- DVD cover
- Directed by: Ben Stassen
- Written by: Ben Stassen
- Produced by: Charlotte Clay Huggins Caroline Van Iseghem
- Starring: Bouli Lanners Pierre Lebecque
- Narrated by: John Boyle
- Cinematography: Ben Stassen
- Edited by: Ed Escalante James Manke Todd Portugal
- Music by: The Puzzlers Louis Vyncke
- Production companies: Iwerks Entertainment Movida-Trix nWave Pictures
- Distributed by: nWave Pictures Ventura Distribution (DVD)
- Release date: July 1, 2000 (Japan);
- Running time: 37 minutes (Japan) 35 minutes (U.S.)
- Countries: Belgium United States
- Language: English

= Alien Adventure =

Alien Adventure is a science fiction/slapstick comedy 3D film in IMAX format released in 1999 by nWave Pictures, written and directed by Ben Stassen. The movie was rated G (or the local equivalent) in most countries. It was the first fully digital feature-length film produced for a large-screen format.

==Plot==
An extraterrestrial humanoid species, the Glegoliths, are wandering through space in search of a new world.

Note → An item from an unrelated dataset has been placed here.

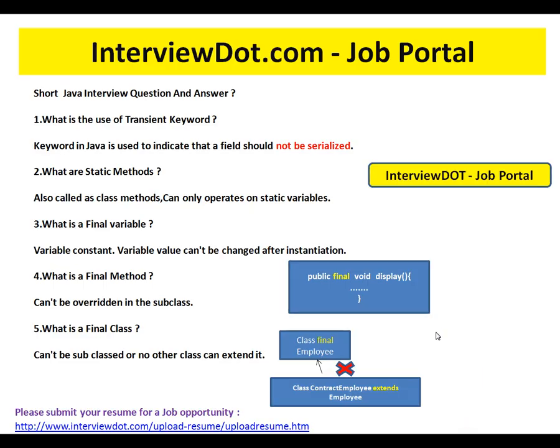This video is from InterviewDot.com. InterviewDot.com is a job portal — if you're looking for a job, you can log on to InterviewDot.com and post your resume. In this video I'm going to talk about five basic Java interview questions.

Encountering an unknown planet (which turns out to be Earth), the Glegolith leader Cyrillus sends two "manned" probes to the surface to determine if it is suitable for colonisation.

The scouts in the probes think they have arrived at a great city, but in fact they have arrived at a new amusement park that is not yet open to the public. They proceed to explore four amusement rides : (Note: all of which having been previously released as separate shorts)
- Arctic Adventure (motion simulator ride in a freezing environment);
- Magic Carpet (a ride in an Arabian Nights-themed dungeon);
- Kid Coaster (a roller coaster set in a gigantic simulation of a child's bedroom); and
- Aqua Adventure (an underwater-themed motion simulator ride, complete with animatronic sharks).

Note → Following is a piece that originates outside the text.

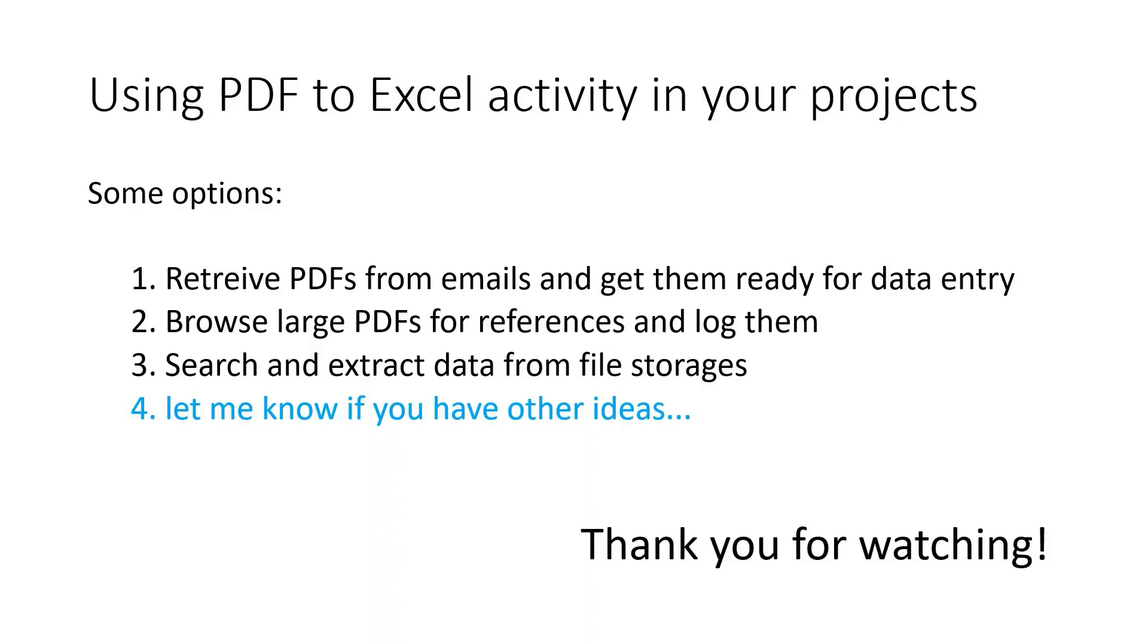If you think this video was helpful, please support it with likes. If you have any questions, drop it in the comments. Thanks for watching and I wish you all a ton of happy automations. Goodbye now!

At each ride the Glegolith scouts become variously excited, frightened, frozen or violently ill, but end up having a lot of fun. On seeing this, Cyrillus decides that the new planet "was too much fun" and would destroy the fabric of his society, and orders his scouts to withdraw. The alien visitors depart Earth without actually making contact with humans.

==Production notes==
The exotic looking alien script seen in several places in this movie is actually the real Glagolitic alphabet. The name of the alien leader - Cyrillus - bears a resemblance to Saint Cyril, who invented the Glagolitic alphabet. Also, the language spoken by the aliens (which is never translated in the movie) is the Walloon language, a real dialect from Belgium, where the movie was produced. It is completely unrelated to the Glegolithic script. On the approach of the manned probes to the surface, the coastline appears to be that of California. The outdoor shots of the theme park are from a real French theme park, "Parc Du Futuroscope".

==Reception==
Robert Koehler of Variety called it "a sputtering vehicle for showcasing the Imax 3D format."

==Home media==
It was released on DVD in the US slingshot Home Entertainment and the UK Escapi x.c.q DVD.